As with Bob Gale and Bob Zemeckis’ BACK TO THE FUTURE, Verhoeven’s sociopolitical introspection is everywhere, especially in the Reagan-era ads for everything from brand-name artificial hearts (“By Jensen! Yamaha! You pick the heart!”) to belligerently large sedans with horrible gas mileage (the 6000 SUX, or, as my wife points out, presciently one letter away from “SUV”), and 30 second soundbite-driven news. Executives live in high-tech mansions while homeless men wander the streets and there’s seemingly no middle ground.

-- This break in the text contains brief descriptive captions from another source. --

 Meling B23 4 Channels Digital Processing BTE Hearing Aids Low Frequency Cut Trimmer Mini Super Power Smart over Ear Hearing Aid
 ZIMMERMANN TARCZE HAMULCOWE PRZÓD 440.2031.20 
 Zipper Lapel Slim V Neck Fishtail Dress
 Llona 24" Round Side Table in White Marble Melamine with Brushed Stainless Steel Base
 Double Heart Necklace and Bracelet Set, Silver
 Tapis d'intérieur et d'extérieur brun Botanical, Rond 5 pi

Incidentally, the heedlessness and hedonism of the upper class would have its comeuppance six months after ROBOCOP’s release, culminating in Black Monday—the largest single-day decline in the stock market since the Crash of 1929. Nonetheless, the catastrophe trickled down to us all.
Basil Poledouris’ score punctuates this cynical burlesque with clank and bombast reminiscent of his Anvil of Crom from CONAN: THE BARBARIAN. Like Milius’ and Howard’s titular hero, RoboCop has a code of honor, in the form of three Prime Directives: 1. Serve the public trust. 2. Protect the innocent. 3. Uphold the law. Murphy becomes the property of OCP brainwashed by a set of rules that serve his corporate masters. Not himself. In a theme common to Verhoeven’s fictions (TOTAL RECALL, STARSHIP TROOPERS), the protagonist wrests himself away from external ideology in deference to his own innate understanding of right and wrong.
Theseus conquers the minotaur.
ROBOCOP is currently in limited re-release for its thirtieth anniversary.